I'm not a Cavs fan....but LeBron got hammered there. There were at least 2 fouls, one on the hand check on the drive (which like it or not...is a foul) and then on the shot Hamilton clearly hit him on the arm. Sucks for the Cavs, 2 legit shots a win.


----------



## Benedict_Boozer

Its almost like the Pistons play just hard enough to beat us. They know we will crumble down the stretch, so they coast in the 1st half, close the gap in the 3rd, and finish us off in the 4th.


----------



## TheGodfather

we had the past 2 games in our hands and we let it slip again..."f*ck.what's wrong with our Cavs...


----------



## remy23

Nothing to do now but win. Cleveland has to take care of home. This is much like last year except that instead of getting blown out in Detroit, the Cavs actually had a chance this time to steal a game. But since that didn't happen, the Cavs return home for their last stand.


----------



## Pioneer10

Magic hits the nail on the head with the Z game in the third quarter


----------



## TheGodfather

i'm really wondering why we just can't hold on to our lead...i mean,we could have blow them out if we just have good 3rd quarters..."no masked cursing please"...


----------



## Pioneer10

BostonBasketball said:


> I'm not a Cavs fan....but LeBron got hammered there. There were at least 2 fouls, one on the hand check on the drive (which like it or not...is a foul) and then on the shot Hamilton clearly hit him on the arm. Sucks for the Cavs, 2 legit shots a win.

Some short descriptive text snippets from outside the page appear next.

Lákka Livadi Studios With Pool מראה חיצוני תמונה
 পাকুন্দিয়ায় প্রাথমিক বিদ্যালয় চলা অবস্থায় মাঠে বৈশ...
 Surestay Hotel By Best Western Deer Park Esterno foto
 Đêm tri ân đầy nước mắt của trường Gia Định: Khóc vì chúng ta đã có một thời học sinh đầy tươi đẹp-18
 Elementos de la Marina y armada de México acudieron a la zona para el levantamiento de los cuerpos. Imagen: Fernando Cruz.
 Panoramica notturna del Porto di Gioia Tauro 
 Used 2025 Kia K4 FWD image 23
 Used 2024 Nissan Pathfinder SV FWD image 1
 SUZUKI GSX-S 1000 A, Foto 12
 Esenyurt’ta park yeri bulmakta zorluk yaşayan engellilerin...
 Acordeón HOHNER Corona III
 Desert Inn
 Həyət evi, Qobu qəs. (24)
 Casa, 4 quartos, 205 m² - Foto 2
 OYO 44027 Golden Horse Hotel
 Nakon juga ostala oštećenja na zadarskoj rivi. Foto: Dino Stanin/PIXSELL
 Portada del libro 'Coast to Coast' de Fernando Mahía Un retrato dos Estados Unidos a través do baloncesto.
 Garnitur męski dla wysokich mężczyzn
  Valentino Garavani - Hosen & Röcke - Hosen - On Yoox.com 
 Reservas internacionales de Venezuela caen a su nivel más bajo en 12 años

I can see the refs not calling the handcheck (alhtough it was obvious) but I didn't realize a defender doesn't have to be set


----------



## TheGodfather

its easier to take these losses if its like last year that we got blown out...this is far more difficult and unacceptable coz 2 straight games and the same trend...choking up in the 3rd and 4th quarter...damn,


----------



## Pioneer10

Dude stop with masked cursing: let the filter do there jobs


----------



## Benedict_Boozer

I agree these losses are painful. **** man, I don't even feel like going to work tomorrow now. 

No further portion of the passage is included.